Column: Supply hits galvanize zinc as expected surplus fails to show
(The opinions expressed here are those of Andy Home, a columnist for Reuters.)
What’s up with zinc?
London Metal Exchange (LME) three-month zinc hit a near four-year high of $3,633.50 per metric ton last week and is up by 13% since the start of the year.
The price strength is surprising.
Reuters‘ January poll of analysts generated a mean average price forecast of $3,041.50 per ton for the second quarter. The most bullish call from 25 participants was for zinc to average $3,318 per ton.
Demand is sluggish. Construction accounts for more than half of global zinc usage in the form of galvanized steel. China’s long-running property bust is a major headwind.

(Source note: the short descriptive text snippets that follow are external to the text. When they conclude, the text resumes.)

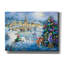 «Joyful Celebration» par Nicky Boehme, art mural sur toile-707409643
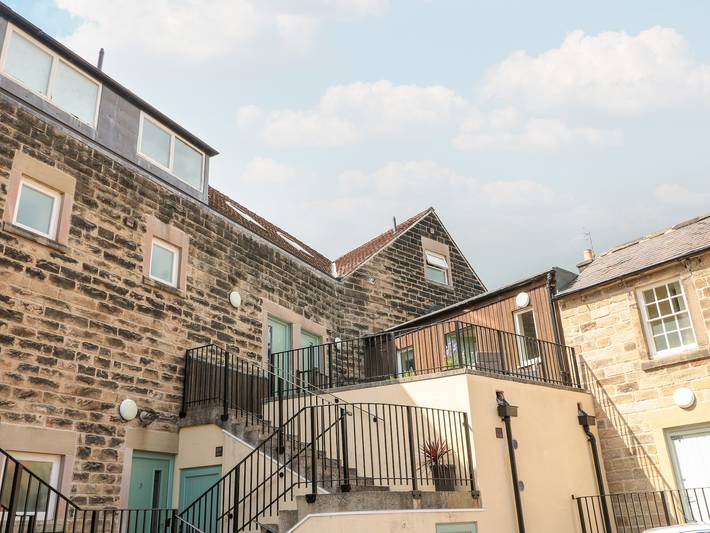 Holiday rental for 4 people in Matlock
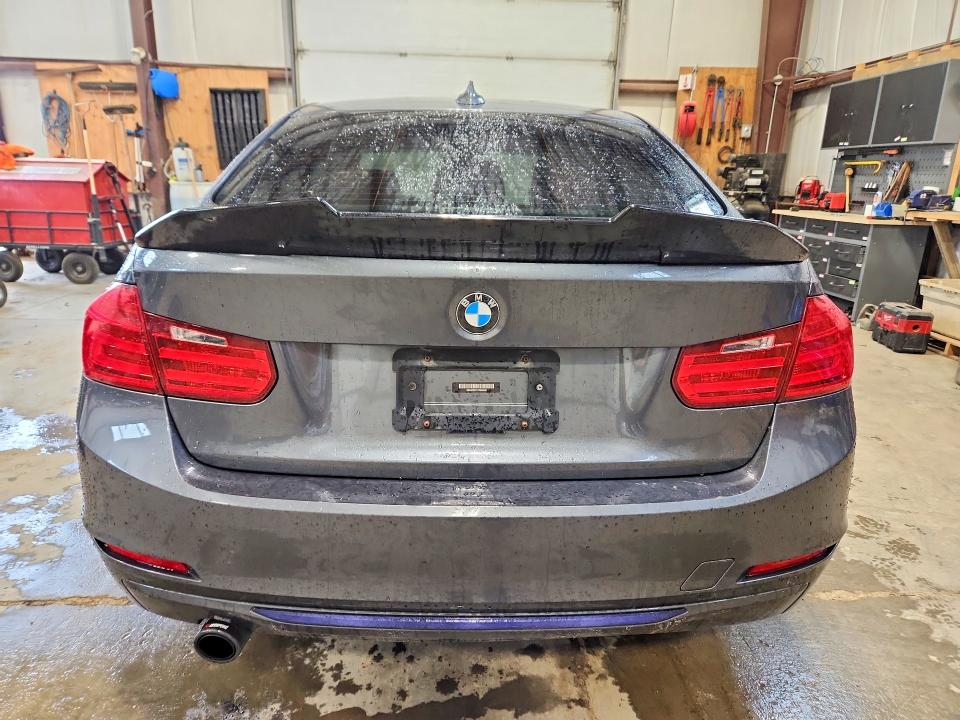 Aukcja sprzedaży 2015 Bmw 320, vin: WBA3C3C51FP664561, numer aukcji: 55207016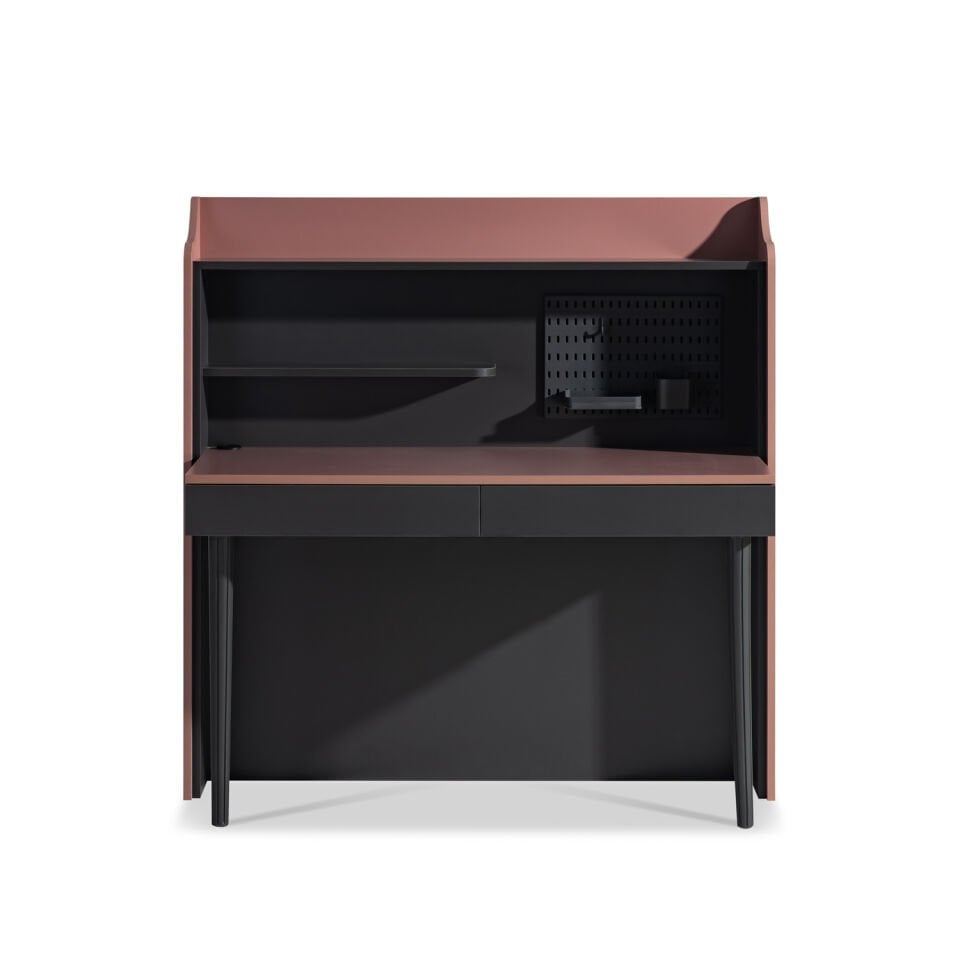 Valencia Study Desk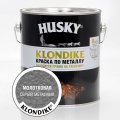 Молотковые краски по металлу HUSKY Klondike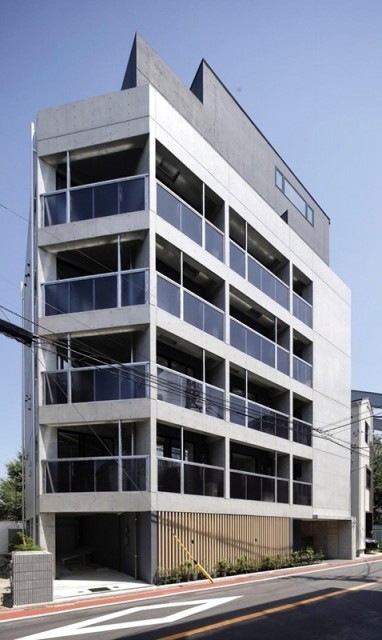 大田区中馬込３丁目 【賃貸居住】マンション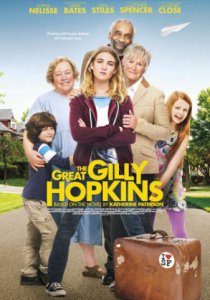 Смотреть Великолепная Гилли Хопкинс (2016) онлайн
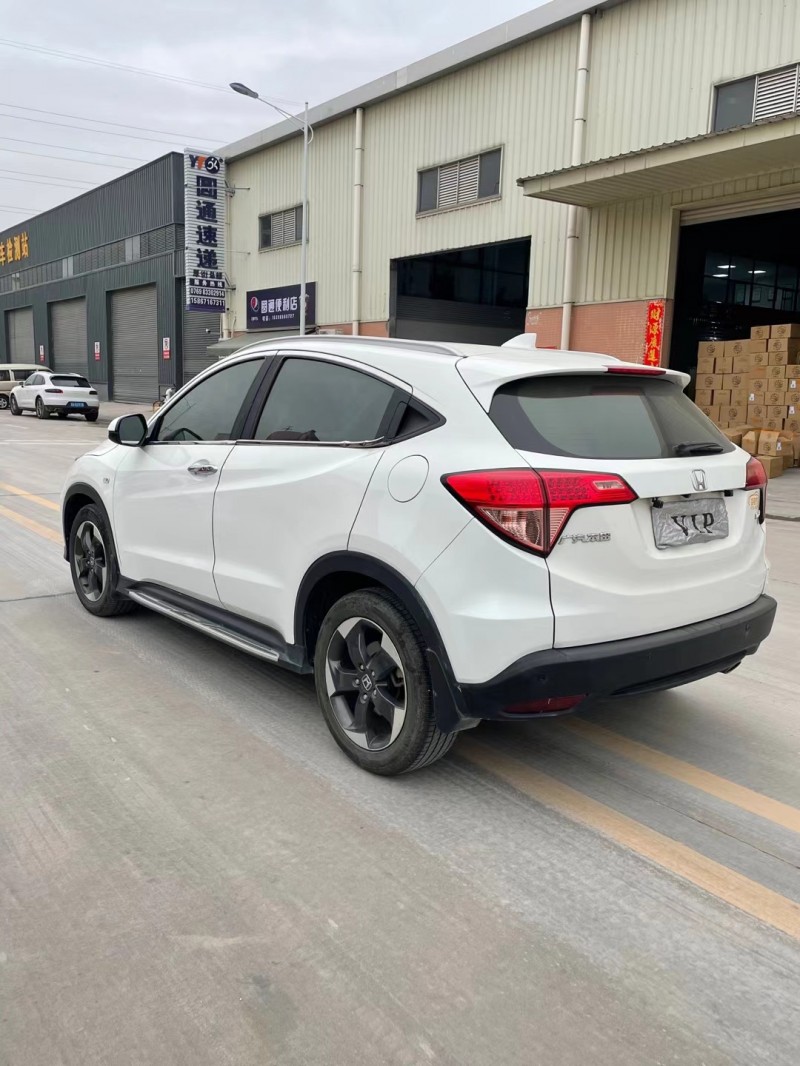 东莞16年本田缤智7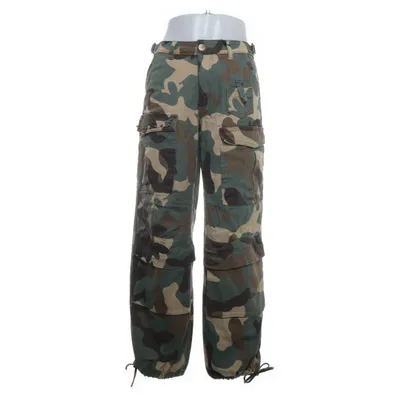 Cargo pants (Green, Brown, Beige) from Liquor N Poker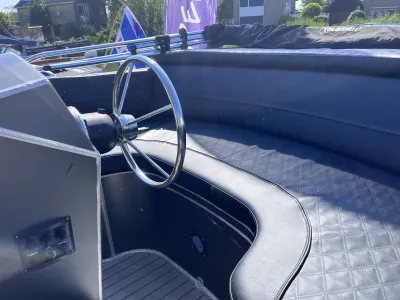 Aluminium Sloop Speedster 653 Photo 11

The zinc market was expected to be in a comfortable supply surplus this year.
But the recent price action suggests otherwise.
So too does the International Lead and Zinc Study Group (ILZSG), which came out with some major revisions to its forecasts at its twice-yearly meet in April.
Smelter hits
The trigger for the latest leg in what has become a one-year price rally was a double supply hit.
Glencore’s Kazzinc smelter in Kazakhstan suffered a fatal blast on May 5 and is now operating at reduced capacity. Two weeks later, Nexa Resources announced it had suspended operations at its Cajamarquilla plant in Peru after a fire.
Between them, these two processing plants account for around 600,000 tons of annual zinc metal production capacity.
The price sensitivity to the news highlights the reasons behind zinc’s continued surprising out-performance.
Western bottleneck
While the long-awaited recovery in mine supply has arrived, it has only partially flowed through to the refined zinc market.
Global mined zinc production surged by 4.8% year-on-year in 2025 after three consecutive years of contraction, according to ILZSG.
But global refined zinc production grew by only 1.7% year-on-year. Moreover, all of that growth was down to China, where smelters lifted output by 6.7%.
Western metal production contracted thanks to a combination of closures, operational problems and voluntary reductions in the face of low treatment charges, a core revenue generator for smelters.
The mismatch in processing performance has left the zinc landscape split between a well-supplied Chinese market and persistent tightness in the rest of the world.
Against this backdrop, reduced output at two of the West’s largest smelters is a pretty big deal.

Disappearing surplus
Especially since the Western zinc market is running low on inventory.
LME stocks, registered and off-warrant, recovered from under 50,000 tons in October to 144,000 at the end of 2025. But since then, the rebound has lost momentum.
Combined LME inventory stands at 156,000 tons, up by just 21,125 tons since the start of the year and low by comparison with the 2024 peak of almost 400,000 tons.
The Western smelter bottleneck has both kept a cap on LME inventory and stymied the expected transition to global supply surplus.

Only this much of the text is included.